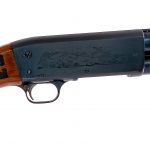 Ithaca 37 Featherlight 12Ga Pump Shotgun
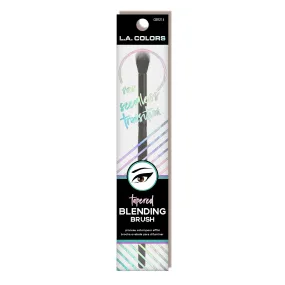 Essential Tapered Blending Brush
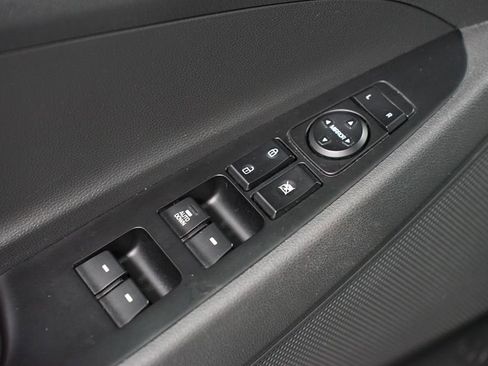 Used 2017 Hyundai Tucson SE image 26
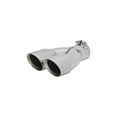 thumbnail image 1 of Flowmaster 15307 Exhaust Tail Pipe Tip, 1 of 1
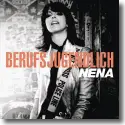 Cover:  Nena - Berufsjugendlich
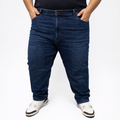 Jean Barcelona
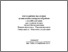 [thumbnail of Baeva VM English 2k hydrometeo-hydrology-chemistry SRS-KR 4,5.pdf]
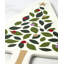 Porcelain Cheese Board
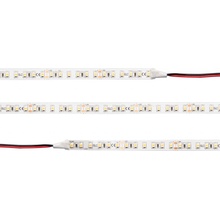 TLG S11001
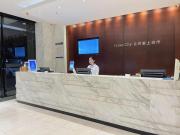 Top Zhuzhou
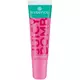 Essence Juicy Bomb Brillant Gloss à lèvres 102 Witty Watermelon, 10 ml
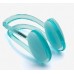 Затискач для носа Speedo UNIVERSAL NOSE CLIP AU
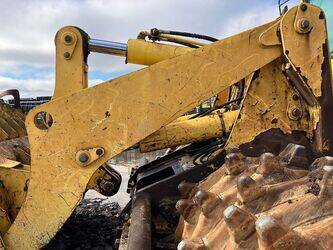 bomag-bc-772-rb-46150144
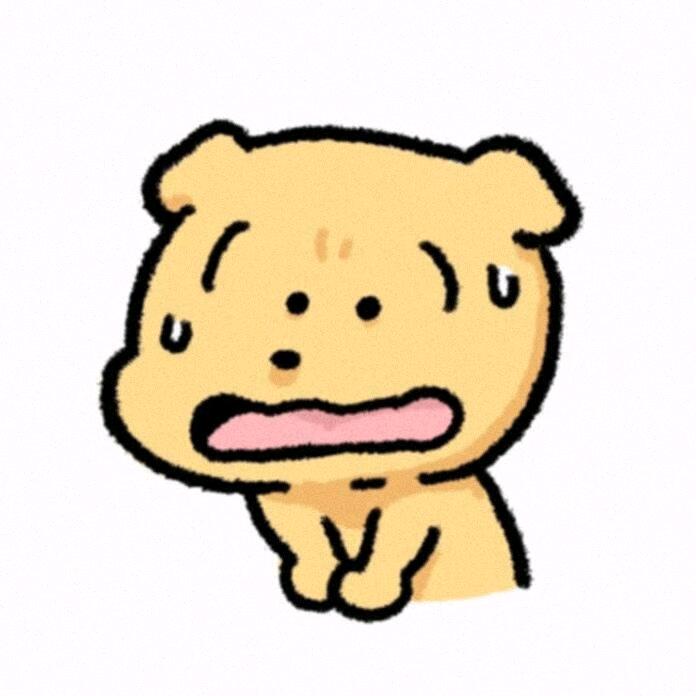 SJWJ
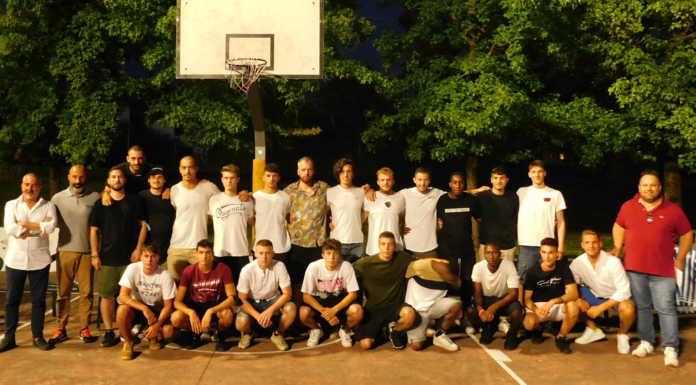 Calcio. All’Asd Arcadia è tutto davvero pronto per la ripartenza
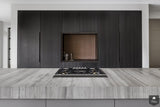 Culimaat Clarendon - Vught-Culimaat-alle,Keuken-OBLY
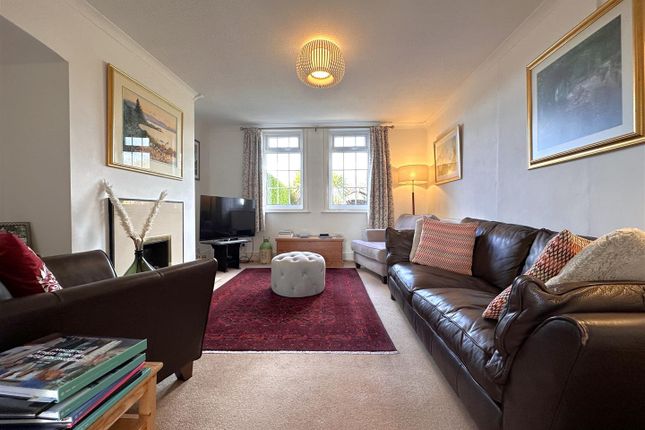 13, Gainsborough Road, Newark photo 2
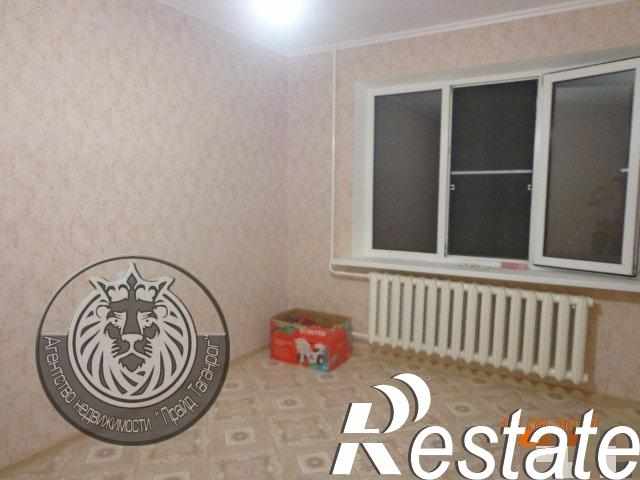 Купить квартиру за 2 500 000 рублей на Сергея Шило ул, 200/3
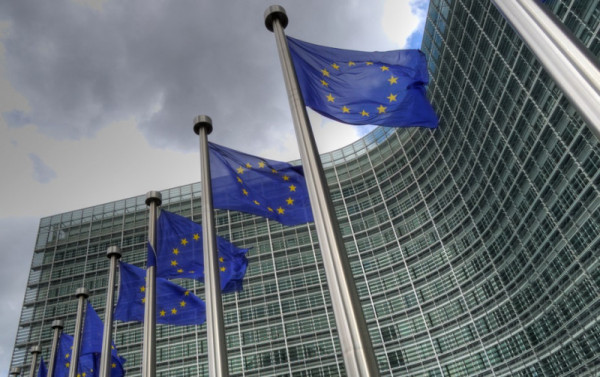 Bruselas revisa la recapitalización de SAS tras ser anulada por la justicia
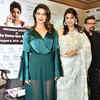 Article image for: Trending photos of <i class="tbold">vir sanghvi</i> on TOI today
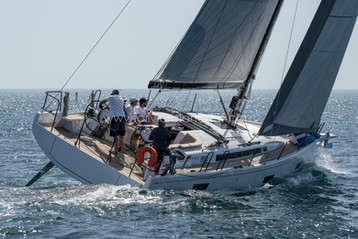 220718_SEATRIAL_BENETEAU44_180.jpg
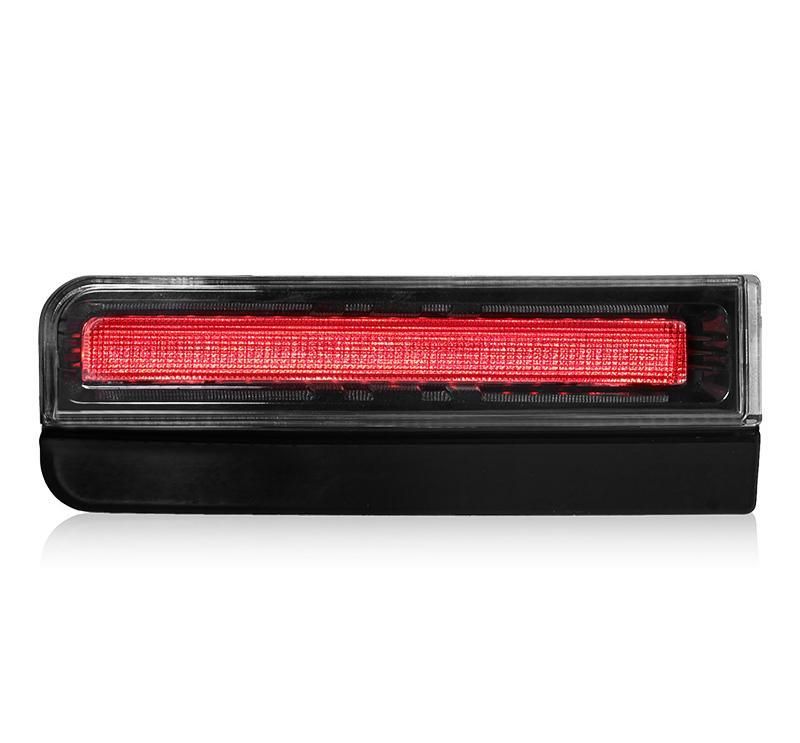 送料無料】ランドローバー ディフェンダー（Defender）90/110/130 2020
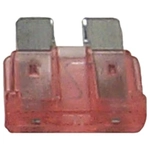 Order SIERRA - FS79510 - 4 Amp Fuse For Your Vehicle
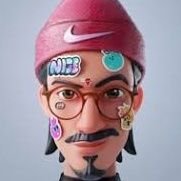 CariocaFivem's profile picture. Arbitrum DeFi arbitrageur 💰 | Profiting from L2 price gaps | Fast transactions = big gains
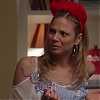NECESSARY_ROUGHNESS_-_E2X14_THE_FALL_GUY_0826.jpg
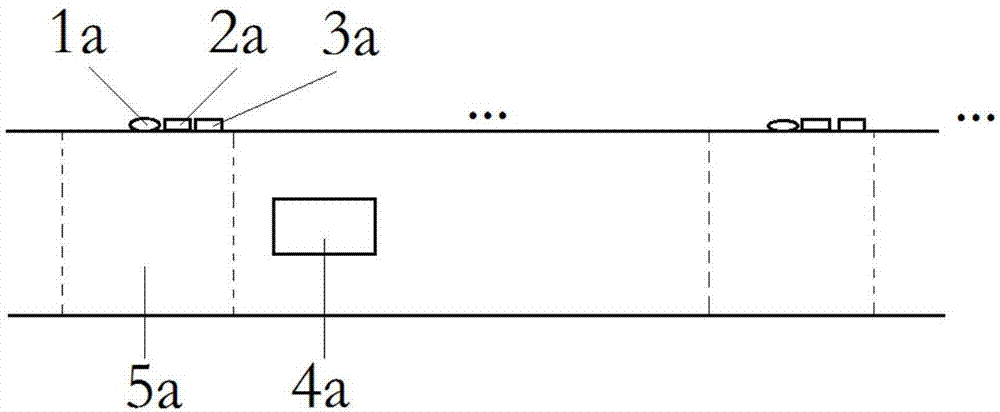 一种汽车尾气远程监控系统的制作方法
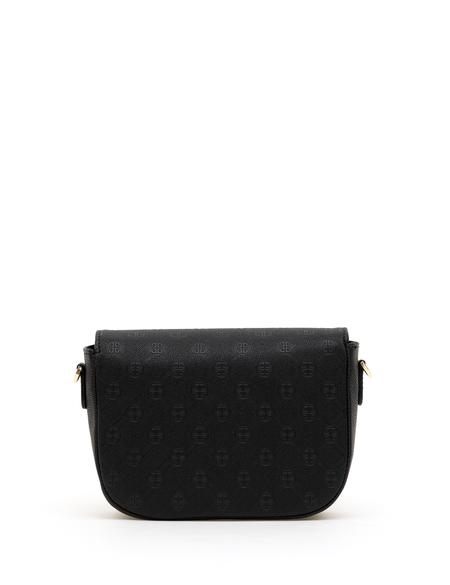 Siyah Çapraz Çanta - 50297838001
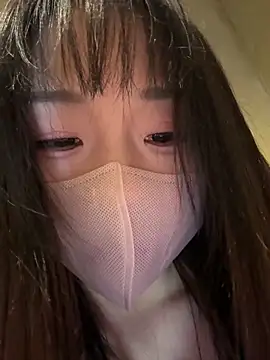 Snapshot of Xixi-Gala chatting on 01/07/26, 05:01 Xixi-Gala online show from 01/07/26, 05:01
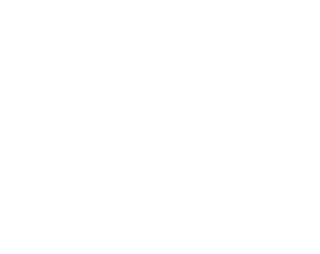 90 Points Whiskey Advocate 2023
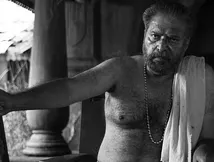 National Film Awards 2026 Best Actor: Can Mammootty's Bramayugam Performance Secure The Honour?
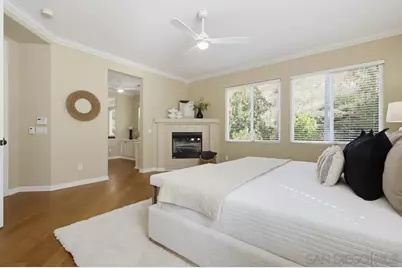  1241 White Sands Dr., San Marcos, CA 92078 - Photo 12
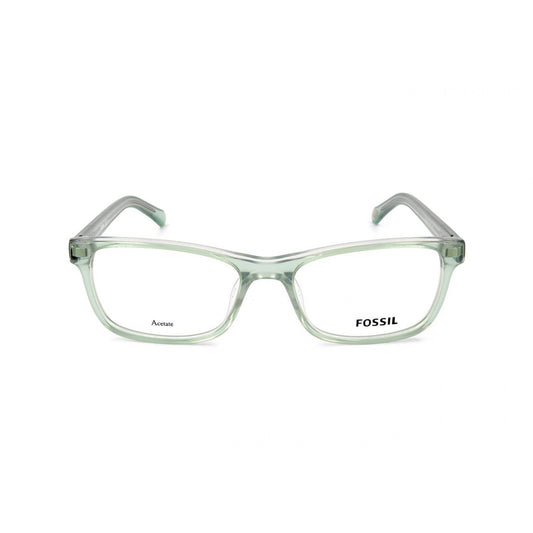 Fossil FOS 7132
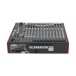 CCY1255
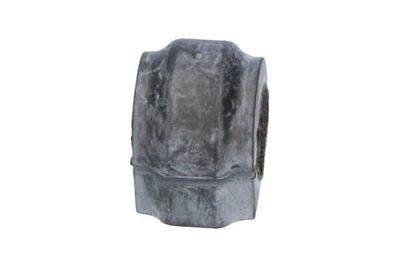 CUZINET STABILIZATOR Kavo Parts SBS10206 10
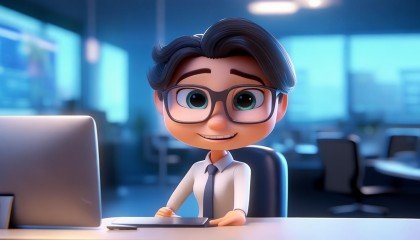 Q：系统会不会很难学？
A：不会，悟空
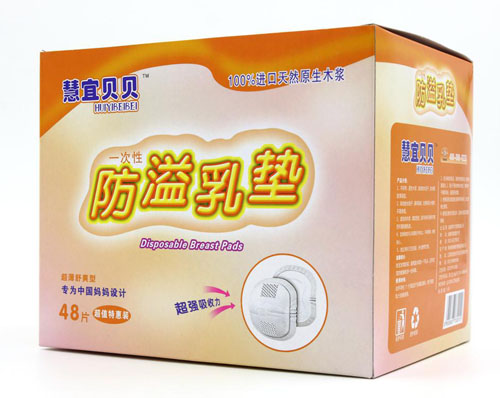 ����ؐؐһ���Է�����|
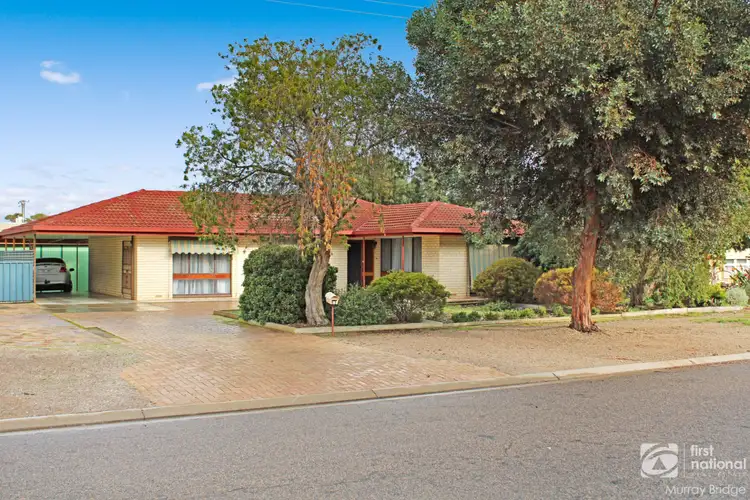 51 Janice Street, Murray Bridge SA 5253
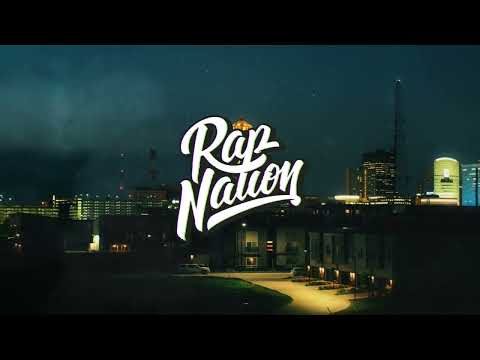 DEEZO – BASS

[PROBLEM STATEMENT]:
The entries need to be restated exactly, and their pictures left out.

[WRITTEN ANSWER]:
 Ithaca 37 Featherlight 12Ga Pump Shotgun
 Essential Tapered Blending Brush
 Used 2017 Hyundai Tucson SE image 26
 thumbnail image 1 of Flowmaster 15307 Exhaust Tail Pipe Tip, 1 of 1
 Cover:  Nena - Berufsjugendlich
 Jean Barcelona
 [thumbnail of Baeva VM English 2k hydrometeo-hydrology-chemistry SRS-KR 4,5.pdf]
 Porcelain Cheese Board
 TLG S11001
 Top Zhuzhou
 Essence Juicy Bomb Brillant Gloss à lèvres 102 Witty Watermelon, 10 ml
 Затискач для носа Speedo UNIVERSAL NOSE CLIP AU
 bomag-bc-772-rb-46150144
 SJWJ
 Calcio. All’Asd Arcadia è tutto davvero pronto per la ripartenza
 Culimaat Clarendon - Vught-Culimaat-alle,Keuken-OBLY
 13, Gainsborough Road, Newark photo 2
 Купить квартиру за 2 500 000 рублей на Сергея Шило ул, 200/3
 Bruselas revisa la recapitalización de SAS tras ser anulada por la justicia
 Article image for: Trending photos of <i class="tbold">vir sanghvi</i> on TOI today
 220718_SEATRIAL_BENETEAU44_180.jpg
 送料無料】ランドローバー ディフェンダー（Defender）90/110/130 2020
 Order SIERRA - FS79510 - 4 Amp Fuse For Your Vehicle
 CariocaFivem's profile picture. Arbitrum DeFi arbitrageur 💰 | Profiting from L2 price gaps | Fast transactions = big gains
NECESSARY_ROUGHNESS_-_E2X14_THE_FALL_GUY_0826.jpg
 一种汽车尾气远程监控系统的制作方法
 Siyah Çapraz Çanta - 50297838001
 Snapshot of Xixi-Gala chatting on 01/07/26, 05:01 Xixi-Gala online show from 01/07/26, 05:01
 90 Points Whiskey Advocate 2023
 National Film Awards 2026 Best Actor: Can Mammootty's Bramayugam Performance Secure The Honour?
  1241 White Sands Dr., San Marcos, CA 92078 - Photo 12
 Fossil FOS 7132
 CCY1255
 CUZINET STABILIZATOR Kavo Parts SBS10206 10
 Q：系统会不会很难学？
A：不会，悟空
 ����ؐؐһ���Է�����|
 51 Janice Street, Murray Bridge SA 5253
 DEEZO – BASS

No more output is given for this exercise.